“Mad, bad, and dangerous to know” applies not just to Lord Byron but to every writer…
David Comfort’s latest book, An Insider’s Guide to Publishing, is not the “nuts and bolts” sort of a book you’d expect from its title. Instead, Comfort has written a longish (nearly 300 pages) compendium of anecdotes, explanations, analyses, and observations on writers and writing, the publishing industry past and present, and the role of technology in that past, present, and future of literature.
The book is alternately charming and churlish, funny and depressing, and, well, engrossing. Unlike most books in this genre, Comfort doesn’t spend a lot of time trying to convince the reader that “if you do this, you’ll be the next E.L. James” (the author of the mega success Fifty Shades of Grey).Instead, he delves into the story of E.L. James and explains – carefully but tongue firmly in cheek – how a writer who can’t write worth a damn can make $1 million per week from sales of what is popularly called “Mommy porn.”
By the time Comfort gets to this, however, he’s covered a lot of ground. We know stuff such as the following:
* John Milton got £5 payment for Paradise Lost – which cost him, as you may have heard, his eyesight;
* William Faulkner’s literary agent had to lend him $100 so he could pay his electric bill and not have his power shut off;
* Edgar Allan Poe got kicked out of West Point for showing up for dress parade sans dress;
* F. Scott Fitzgerald earned $32 in royalties in 1929 – his twenties were no longer roaring….

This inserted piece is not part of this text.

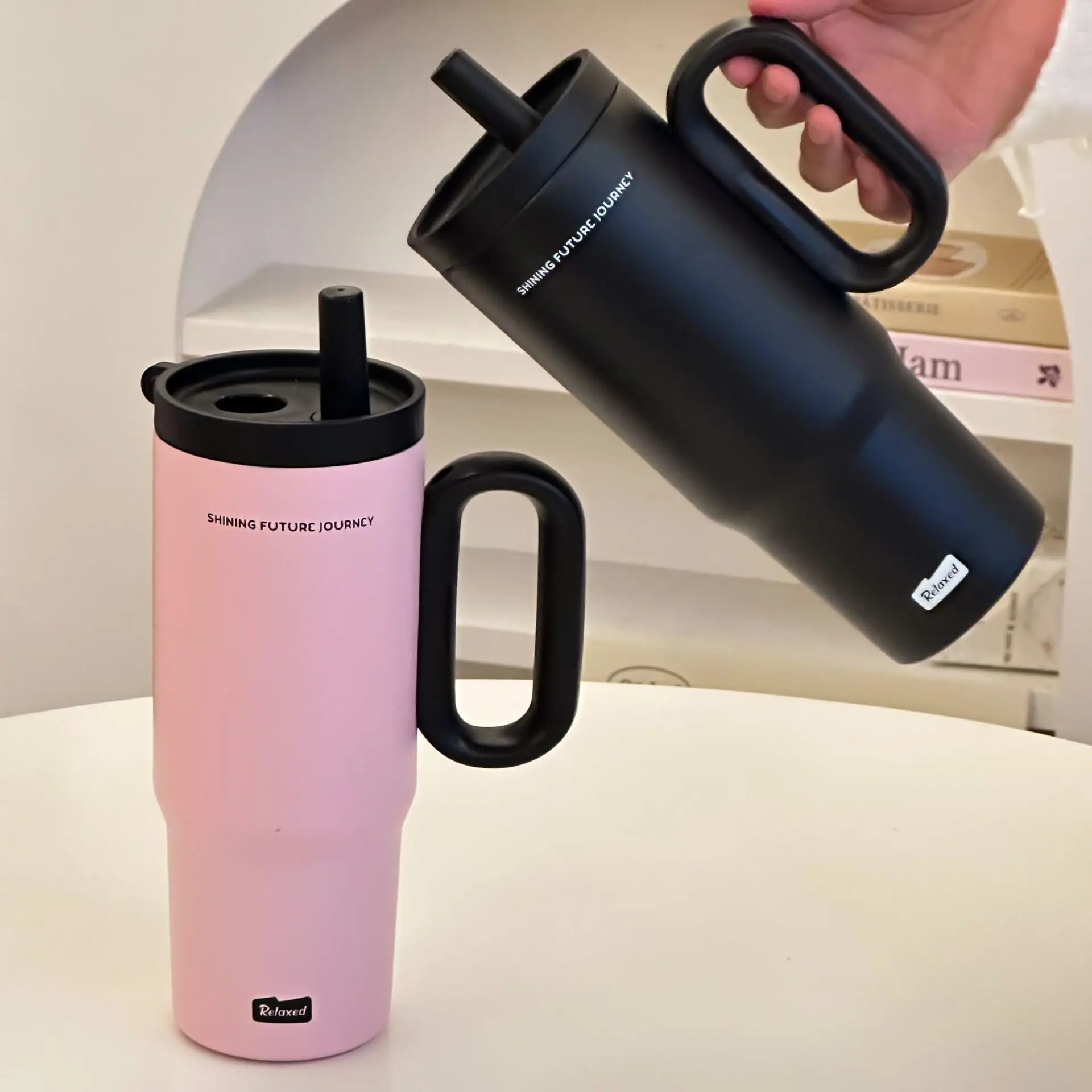720ML Large Capacity Portable Car Cup Stainless Steel Thermos Cup with Straw & Handle Travel Sports Water Bottle Vacuum Flask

The book is divided into several sections.
The most interesting for many readers will be the first which gives a history of American publishing over the last 100 years or so, covering the transition from publishing houses such as Putnam, Charles Scribner and Sons, Harper Brothers, and Random House from genteel concerns owned and operated by wealthy, cultured families with an interest in both publishing works that would make some money and (something they considered equally important) publishing works they thought moved literature forward. So it comes as little surprise that Comfort reminds us that this was American publishing’s “Golden Age.”
The takeover of these concerns began in the 1980′s (Does everything about the destruction of American culture go back to Reagan? Why yes, yes it does) by large conglomerates who changed the ethos of publishing from that of a genteel desire to both make a little money and elevate our arts culture to our all too familiar corporate ethos of “make all the money it is possible to make no matter what kind of dog shit you must purvey to do so and elevating our artistic culture be damned.”

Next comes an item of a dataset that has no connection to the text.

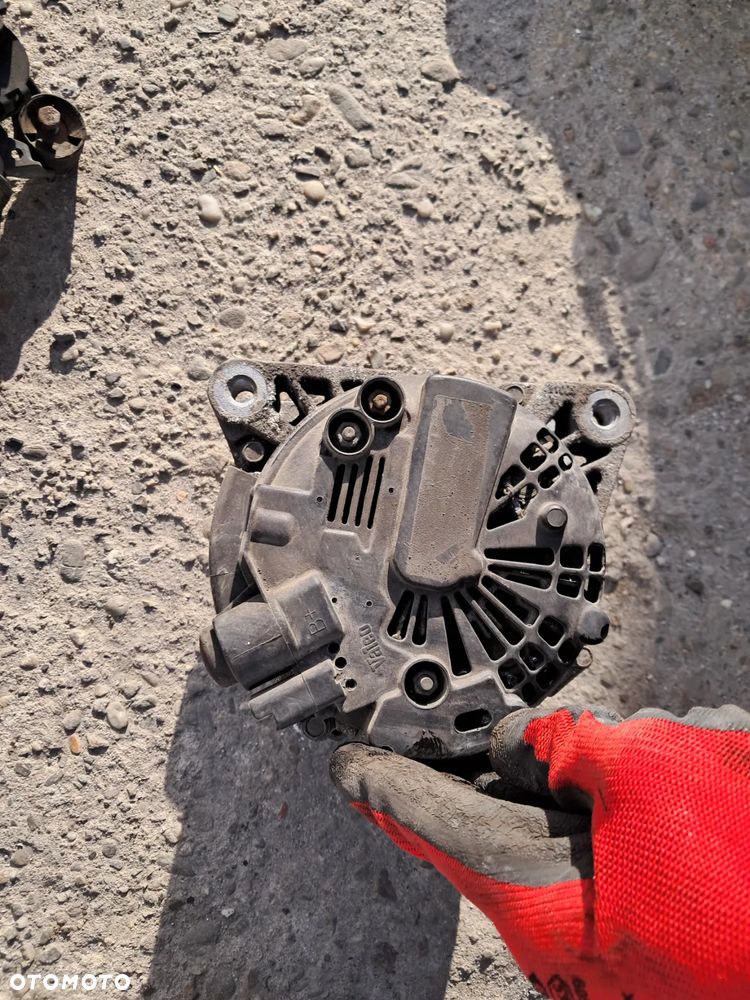 Citroen C3 1.4 HDI Alternator - 2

In this and all subsequent sections there are many delightful anecdotes about famous authors’ work habits, reactions to success and failure, and peccadilloes (Did you know 5 of the first 6 American Nobel laureates were alcoholics? Feel like a drink? You might be a great writer…). And there’s a wonderful section on what Comfort calls, to my great delight “The MFA Mafia” where he takes down the Creative Writing Program system. Given what I’ve myself said about the evils of that system, to find a kindred soul who sees into the incestuous nature of said system and will discuss it openly is certainly a pleasure.

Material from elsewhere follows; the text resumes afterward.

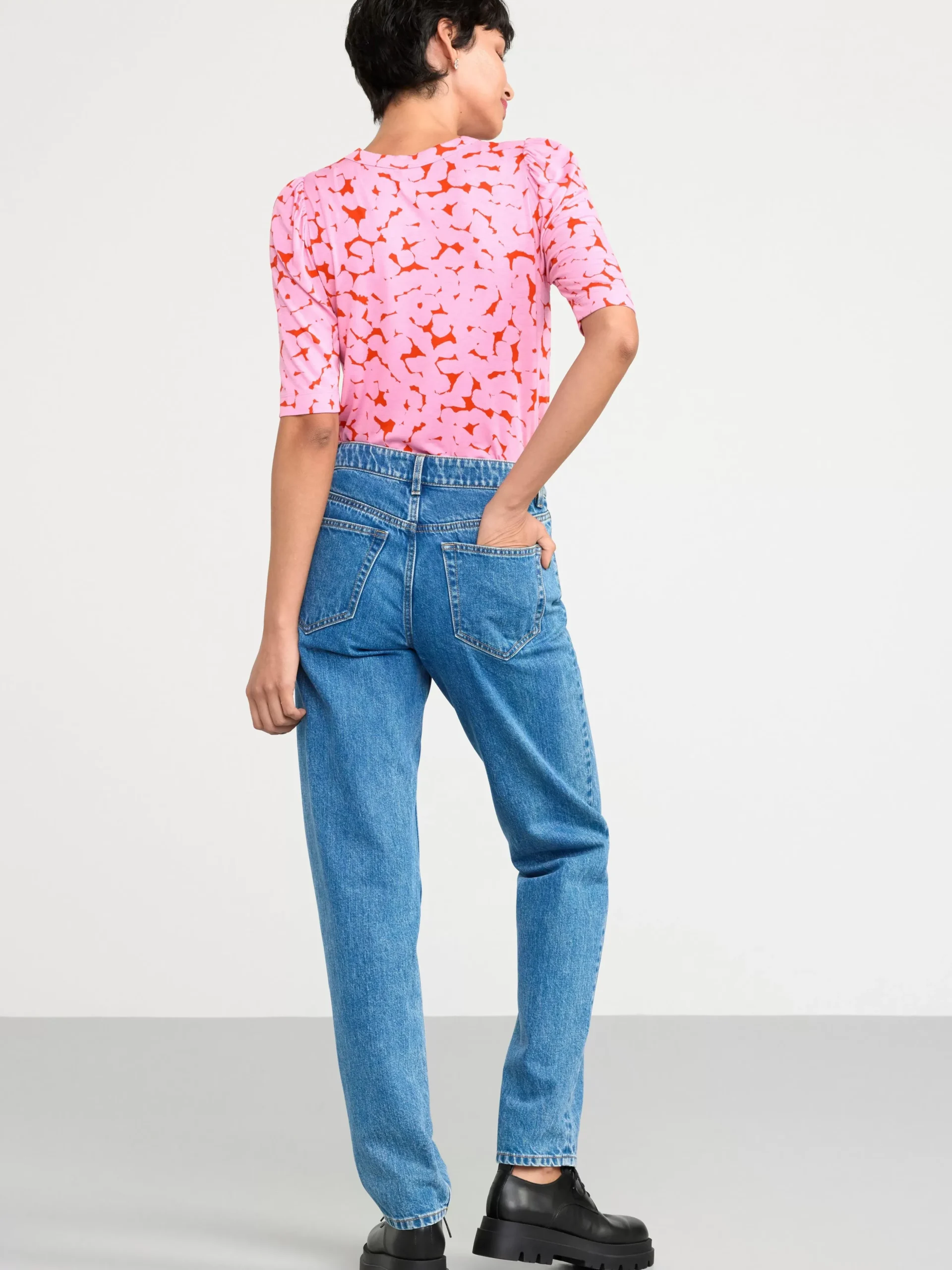 Toppar & T-Shirts>Lindex Kortarmad Topp Pink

The last part of the book suggests (but not in a “how to” way, thank heaven) strategies for finding one’s way through the jungle of contemporary publishing and discusses with adequate but not annoying detail ways to approach agents, decide between traditional and self-publishing, and garner publicity for oneself and one’s work. Here equally enjoyable anecdotes relate some of the madcap PR stunts that writers of the last decade or so have tried to draw attention to their work. From the clearly life risking (swimming across the shark infested San Francisco Bay) to the weirdly misconceived (for a Valentine’s Day sale an author offered a sext to any buyer), what Comfort shows clearly is that much of what writers have to do today to gain the public’s notice is in no way related to writing.
Finally, in a brief “Chicken Soup” chapter , Comfort makes his most salient point about the whole mad world of writing and publishing:
When you embrace the creative journey itself, rather than some idealized, often illusory destination, you may have a chance at real success as an artist.
What David Comfort accomplishes in An Insider’s Guide to Publishing is to help readers (and especially writers) understand that while the publishing world may be a mess and getting messier, being a writer comes down to feeling as Somerset Maugham does:
We do not write because we want to; we write because we have to.